-- DATA EXTRACT follows --
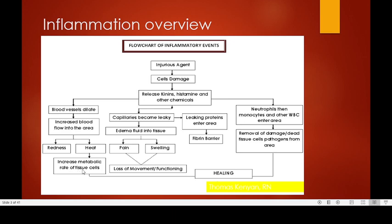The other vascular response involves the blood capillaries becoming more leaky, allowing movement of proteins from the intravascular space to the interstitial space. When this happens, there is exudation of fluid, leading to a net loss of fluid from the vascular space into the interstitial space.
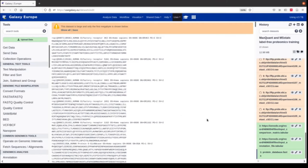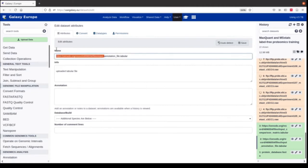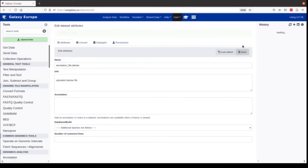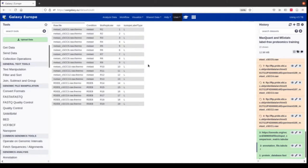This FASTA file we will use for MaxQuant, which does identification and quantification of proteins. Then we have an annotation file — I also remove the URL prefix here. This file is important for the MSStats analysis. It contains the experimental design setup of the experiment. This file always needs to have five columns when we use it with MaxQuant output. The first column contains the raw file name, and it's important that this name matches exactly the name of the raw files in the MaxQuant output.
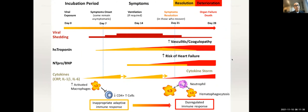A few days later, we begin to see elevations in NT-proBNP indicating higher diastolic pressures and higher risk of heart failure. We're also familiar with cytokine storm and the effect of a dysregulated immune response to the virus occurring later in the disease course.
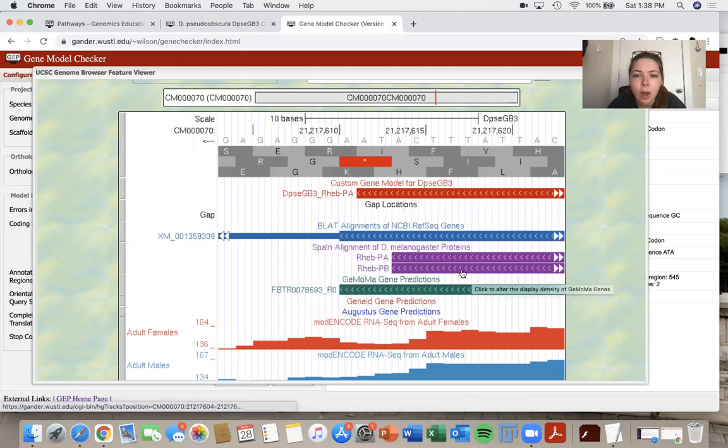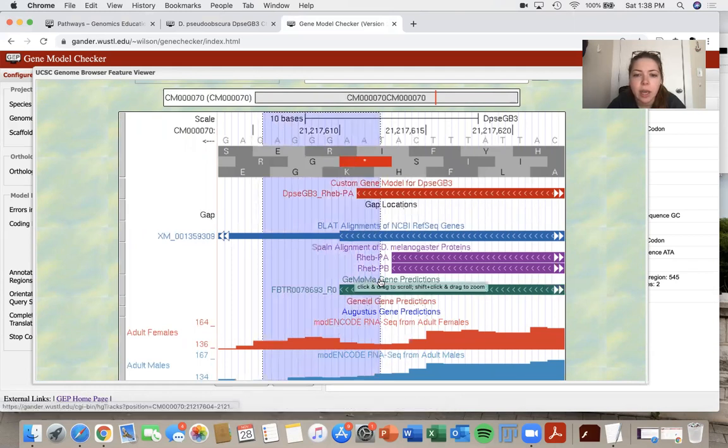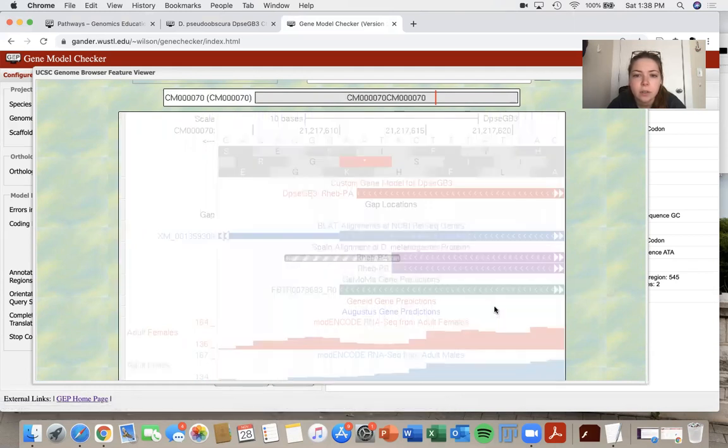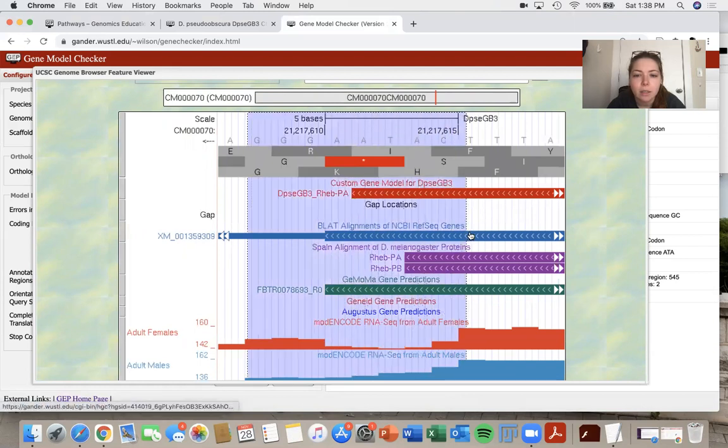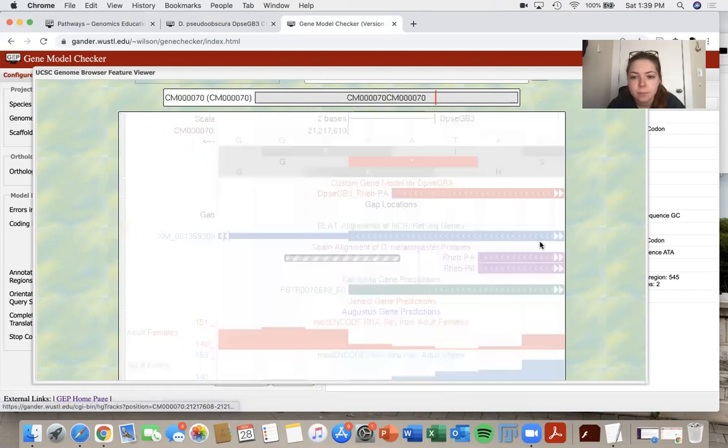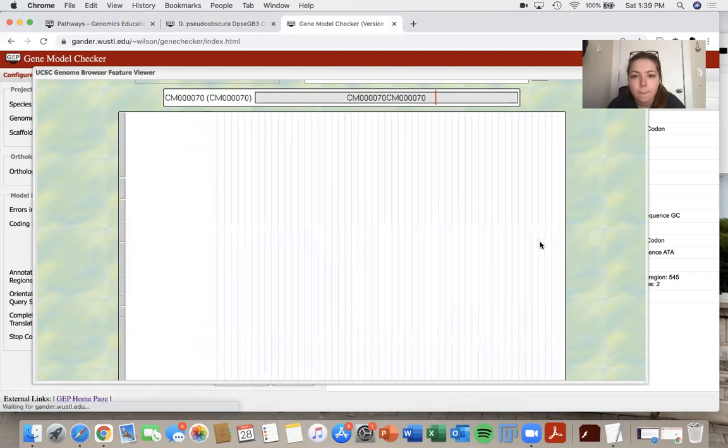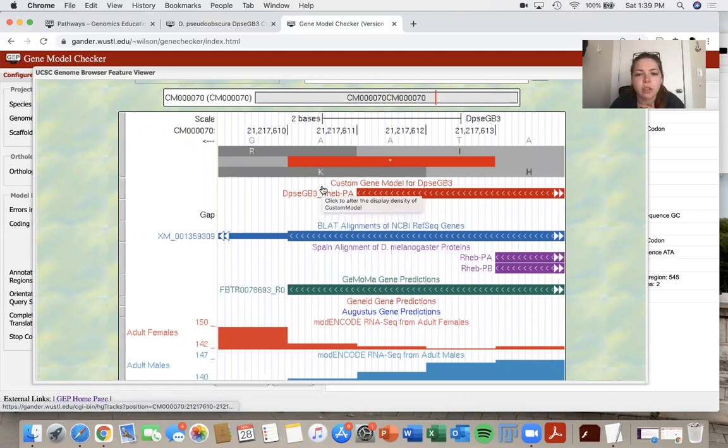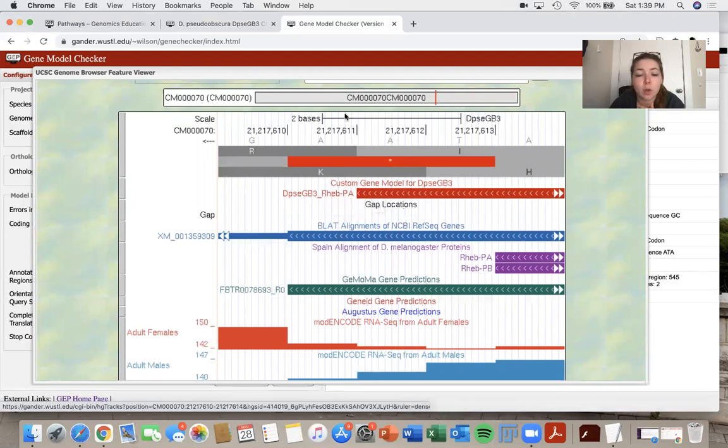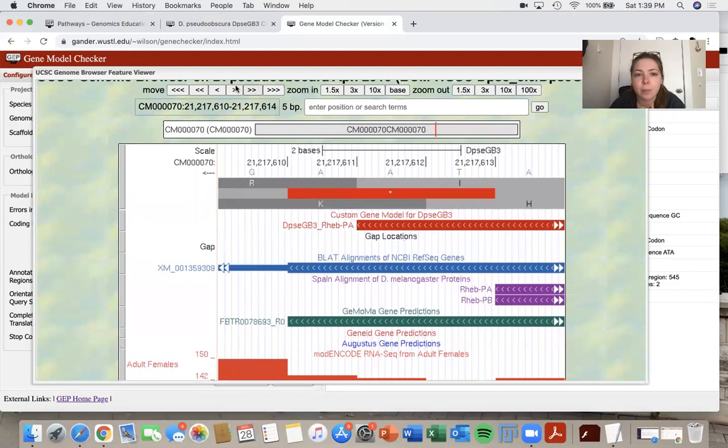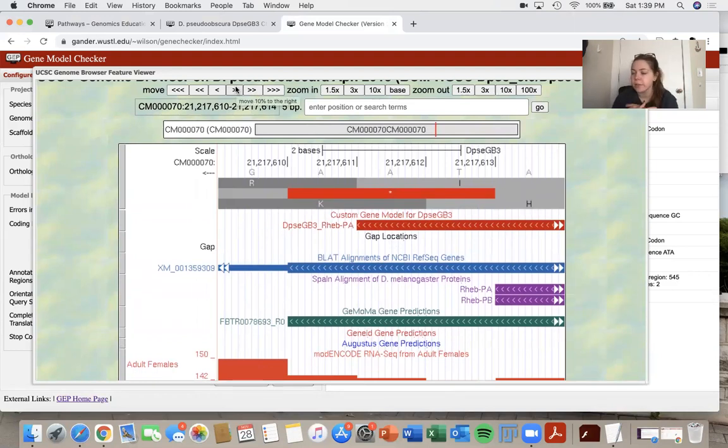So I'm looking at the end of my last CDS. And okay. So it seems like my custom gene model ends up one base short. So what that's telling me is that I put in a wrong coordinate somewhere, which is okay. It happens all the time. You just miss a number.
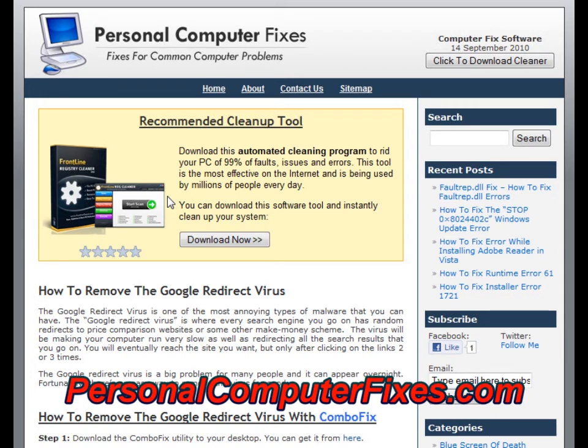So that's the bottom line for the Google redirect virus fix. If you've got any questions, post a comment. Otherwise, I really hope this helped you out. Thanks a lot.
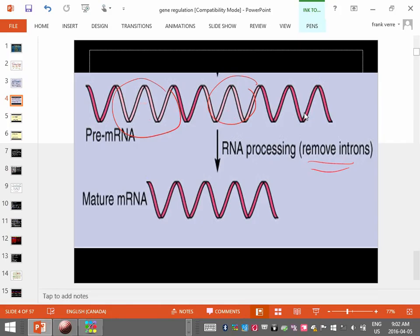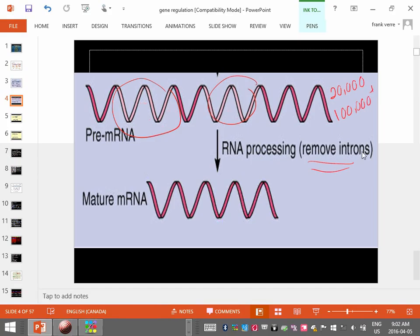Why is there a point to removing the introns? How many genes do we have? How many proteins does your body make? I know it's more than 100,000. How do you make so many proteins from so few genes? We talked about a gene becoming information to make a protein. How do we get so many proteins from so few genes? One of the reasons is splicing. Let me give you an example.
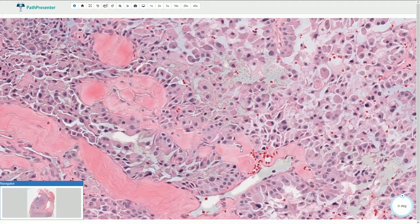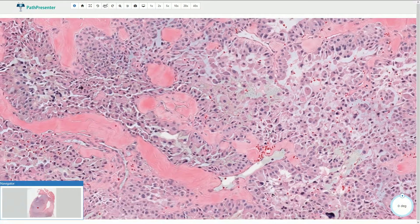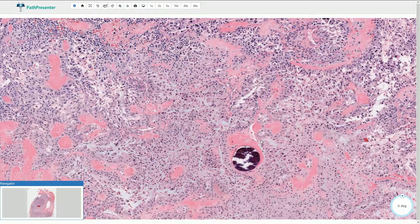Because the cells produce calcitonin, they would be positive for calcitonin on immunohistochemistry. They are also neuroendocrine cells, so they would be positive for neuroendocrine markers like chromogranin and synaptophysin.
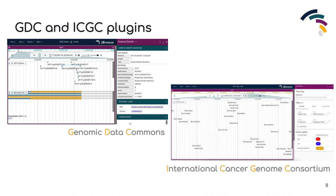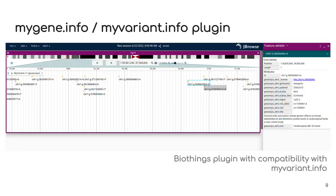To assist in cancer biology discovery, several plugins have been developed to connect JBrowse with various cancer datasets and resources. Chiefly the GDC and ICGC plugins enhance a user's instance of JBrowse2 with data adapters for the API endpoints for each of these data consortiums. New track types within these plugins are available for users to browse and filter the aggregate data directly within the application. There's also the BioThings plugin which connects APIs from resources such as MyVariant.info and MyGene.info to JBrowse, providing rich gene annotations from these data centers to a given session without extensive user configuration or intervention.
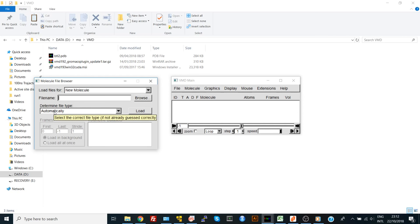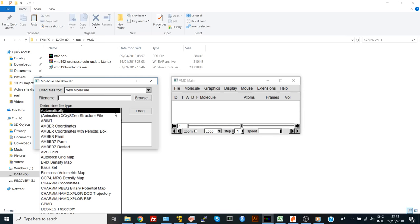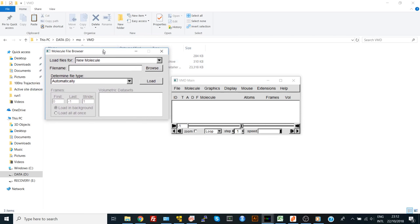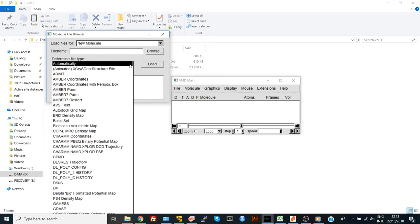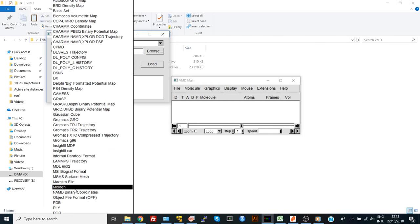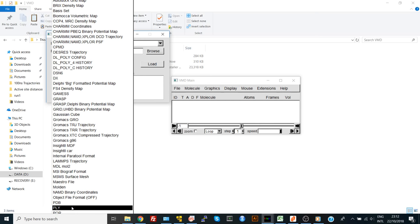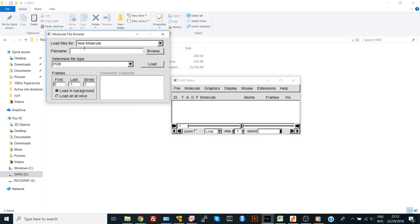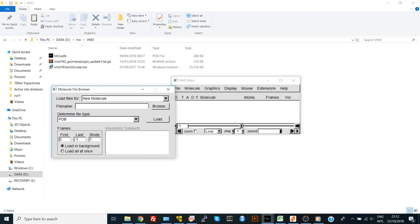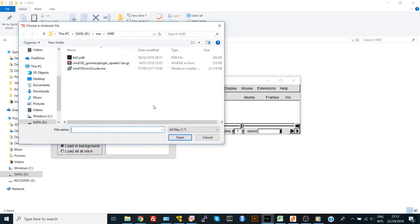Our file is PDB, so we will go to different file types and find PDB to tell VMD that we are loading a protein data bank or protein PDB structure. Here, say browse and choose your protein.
-- DATA EXTRACT concluded --
## EXERCISE OBJECTIVE
Output each of the lines above exactly, apart from the images.

## WRITTEN RESPONSE
The other vascular response involves the blood capillaries becoming more leaky, allowing movement of proteins from the intravascular space to the interstitial space. When this happens, there is exudation of fluid, leading to a net loss of fluid from the vascular space into the interstitial space.
This FASTA file we will use for MaxQuant, which does identification and quantification of proteins. Then we have an annotation file — I also remove the URL prefix here. This file is important for the MSStats analysis. It contains the experimental design setup of the experiment. This file always needs to have five columns when we use it with MaxQuant output. The first column contains the raw file name, and it's important that this name matches exactly the name of the raw files in the MaxQuant output.
A few days later, we begin to see elevations in NT-proBNP indicating higher diastolic pressures and higher risk of heart failure. We're also familiar with cytokine storm and the effect of a dysregulated immune response to the virus occurring later in the disease course.
So I'm looking at the end of my last CDS. And okay. So it seems like my custom gene model ends up one base short. So what that's telling me is that I put in a wrong coordinate somewhere, which is okay. It happens all the time. You just miss a number.
So that's the bottom line for the Google redirect virus fix. If you've got any questions, post a comment. Otherwise, I really hope this helped you out. Thanks a lot.
Why is there a point to removing the introns? How many genes do we have? How many proteins does your body make? I know it's more than 100,000. How do you make so many proteins from so few genes? We talked about a gene becoming information to make a protein. How do we get so many proteins from so few genes? One of the reasons is splicing. Let me give you an example.
Because the cells produce calcitonin, they would be positive for calcitonin on immunohistochemistry. They are also neuroendocrine cells, so they would be positive for neuroendocrine markers like chromogranin and synaptophysin.
To assist in cancer biology discovery, several plugins have been developed to connect JBrowse with various cancer datasets and resources. Chiefly the GDC and ICGC plugins enhance a user's instance of JBrowse2 with data adapters for the API endpoints for each of these data consortiums. New track types within these plugins are available for users to browse and filter the aggregate data directly within the application. There's also the BioThings plugin which connects APIs from resources such as MyVariant.info and MyGene.info to JBrowse, providing rich gene annotations from these data centers to a given session without extensive user configuration or intervention.
Our file is PDB, so we will go to different file types and find PDB to tell VMD that we are loading a protein data bank or protein PDB structure. Here, say browse and choose your protein.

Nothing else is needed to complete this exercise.